Не было зла в глазах у девочки. Но радость от справедливого наказания бессовестной лисы удовлетворила ее.

Она открыла книгу, прочла задачу, что-то там подумала про себя, и аккуратно записала решение в тетрадь.

От девочки Лоренс уже получил подарок за мудрую сказку. Розы, выращенные ею, всегда восхищали и умиляли его близких. Любимых им людей.

* * *

Был понедельник. Тяжелый день для Чарльза. Налоговая полиция, вдруг разведав про его тайные, скрытые от налога доходы от спекуляций акциями медеплавильных заводов, о которых даже Лоренс старший не знал до сего момента, взялась за расследование всех финансовых дел коммерсанта.

Бизнес есть бизнес. Хоть коммерческий, хоть налоговый.

Глава 4

Театр взрывался аплодисментами и вновь стихал.

Эдуард Лоренс любовался итальянской балериной. На лице была прозрачная улыбка. Он был спокоен. В лице его „вечно“ спокойном не засветилась ни одна эмоция. Чувство любования балериной было спрятано им глубже глубокого. Правда, проблема среднего брата немного омрачала его приятные раздумья.

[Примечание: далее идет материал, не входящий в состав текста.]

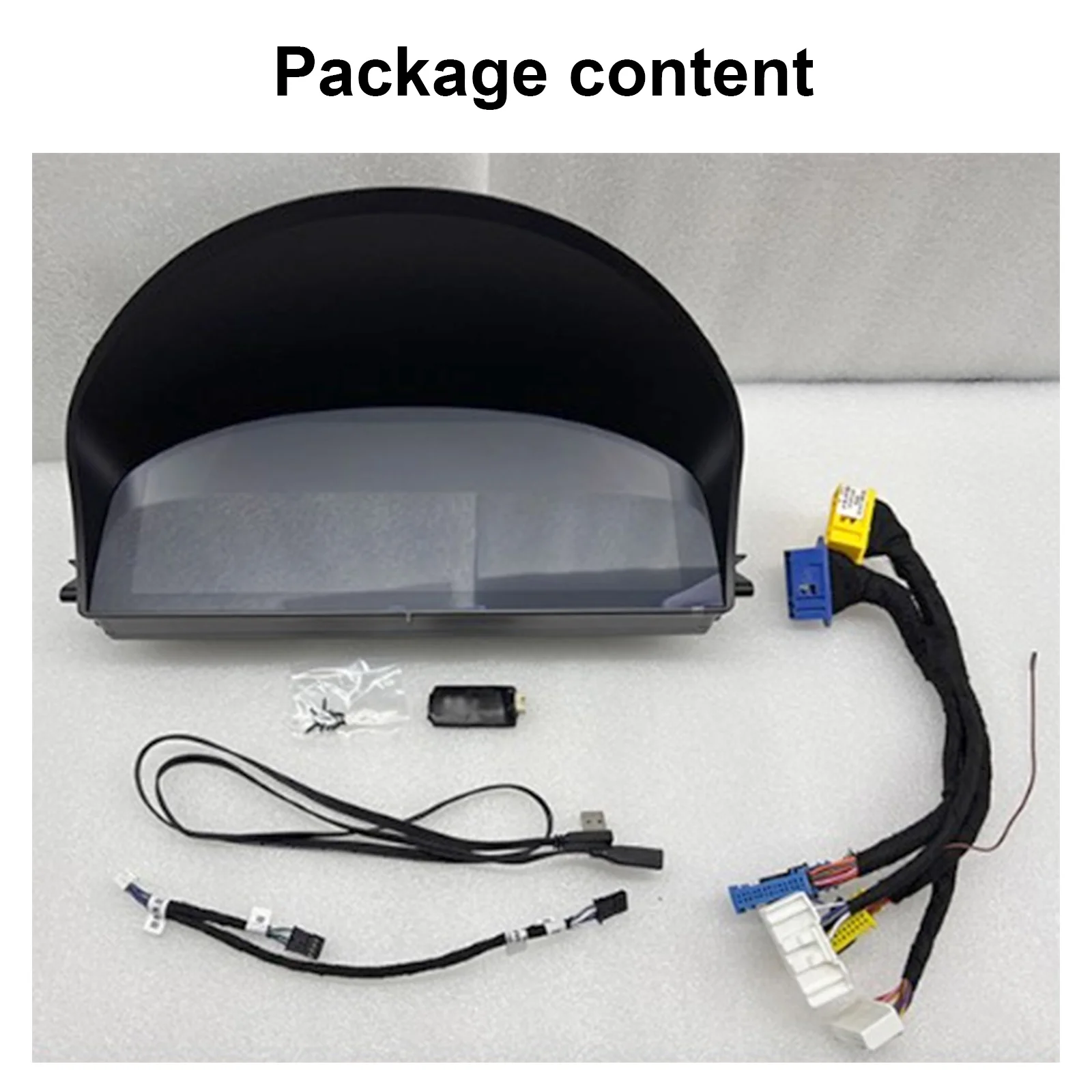 12.3’’ Digital speedometer for Land Rover Range Rover V8 2004-2012 Instrument Cluster Dashboard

Эдуард почувствовал на себе взгляд невесты. Улыбнулся ей, как всегда, одними губами и опять отвел взгляд к сцене. Нечто, божественно порхающее там в наряде любимейшей из женщин мужественного Спартака, притягивало взгляд окружного прокурора.

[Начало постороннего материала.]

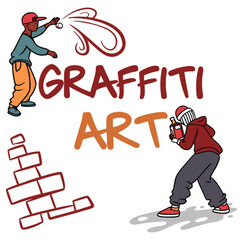 vector illustration of a man with a skateboard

Он был несколько удивлен тем, что Тэд приподнимается с места. А так как делал он это тихо, не привлекая внимания, Эдуард, заинтересовавшись, задумался. Тэд всегда сидел с краю. Теперь он осторожно обходил ряд кресел ложи и направлялся к двери. И вот тут Эдуард вспомнил, что фамилии „Максимова“ в списке сегодняшних участниц фестиваля не было, понимающе кивнул. И успокоенный, он продолжил свое любование итальянской Прима-балериной.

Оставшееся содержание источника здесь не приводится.